Quebec’s English schools do not need a set of rules regarding reasonable accommodation practices, the Quebec English School Boards Association (QESBA) told the Bouchard-Taylor Commission on reasonable accommodation during the second day of national hearings in Montreal this morning.

QESBA President Marcus Tabachnick, a Dollard des Ormeaux resident and chairman of the Lester B. Pearson School Board, presented the commission with a nine-paged memoir stating that since school boards were changed from confessional to linguistic 10 years ago, teachers and administrators in QESBA’s nine member school boards have been able to deal with reasonable accommodation requests with little difficulty.

“I believe we do it well, for the most part. There can always be problems, but for the most part, we do it well with very little problems,” Tabachnick told The Chronicle. “Almost all requests are dealt with and resolved at the school level.”
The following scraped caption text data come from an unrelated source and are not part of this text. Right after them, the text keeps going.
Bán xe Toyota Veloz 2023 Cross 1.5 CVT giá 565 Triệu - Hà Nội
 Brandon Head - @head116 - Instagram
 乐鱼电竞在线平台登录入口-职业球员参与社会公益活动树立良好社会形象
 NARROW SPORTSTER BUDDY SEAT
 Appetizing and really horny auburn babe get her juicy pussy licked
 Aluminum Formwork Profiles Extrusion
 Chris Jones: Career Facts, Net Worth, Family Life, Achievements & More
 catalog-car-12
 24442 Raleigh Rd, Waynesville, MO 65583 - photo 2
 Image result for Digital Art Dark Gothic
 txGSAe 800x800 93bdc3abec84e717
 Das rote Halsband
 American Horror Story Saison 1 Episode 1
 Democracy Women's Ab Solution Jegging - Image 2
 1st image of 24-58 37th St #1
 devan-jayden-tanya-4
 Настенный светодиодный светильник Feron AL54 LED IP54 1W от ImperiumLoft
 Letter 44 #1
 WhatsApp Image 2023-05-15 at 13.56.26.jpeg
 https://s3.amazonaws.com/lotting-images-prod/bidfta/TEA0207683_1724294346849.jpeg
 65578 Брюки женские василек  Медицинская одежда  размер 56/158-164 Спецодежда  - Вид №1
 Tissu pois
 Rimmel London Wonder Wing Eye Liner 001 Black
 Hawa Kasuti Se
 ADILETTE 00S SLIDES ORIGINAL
At the end of November, representatives of the Syndicat de l‘Enseignement de l’Ouest de Montréal (SEOM), a private union representing the Marguerite-Bourgeoys school board (CSMB) teachers of the West Island, asked for guidelines to help teachers and schools deal with reasonable accommodation requests, and determine which ones really are “reasonable.” They said that, since the high-profile “kirpan case” that began in 2001 and was settled in the Supreme Court of Canada nearly five years later, teachers are nervous about dealing with such requests out of fear of media attention and reaction.

QESBA, however, took an opposite point of view.

“I think we have to point out that, as far as the English school system is concerned, we don’t see the crisis that seems to be present in people’s minds in general; certainly not the way it’s being portrayed in the media,” Tabachnick said.

The QESBA memoir also mentioned the new Ethics and Religious Culture Program (ERCP) that will begin in Quebec schools in September 2008. Tabachnick believes the programs will help improve students’ understanding of religions and cultures from around the world, as long as all the tools are in place.

“As always, when new programs are introduced, we want to be sure the teaching materials are in place on time, in English for the English system,” he said.

However, as for reasonable accommodation rules in schools, Tabachnick and QESBA believe it is unnecessary for the English system.

“We have continued to do what we have to do for kids and their families, and it’s been working well,” he said. “What we’re hoping is that we don’t end up with a whole series of regulations for an issue that isn’t an issue for us.”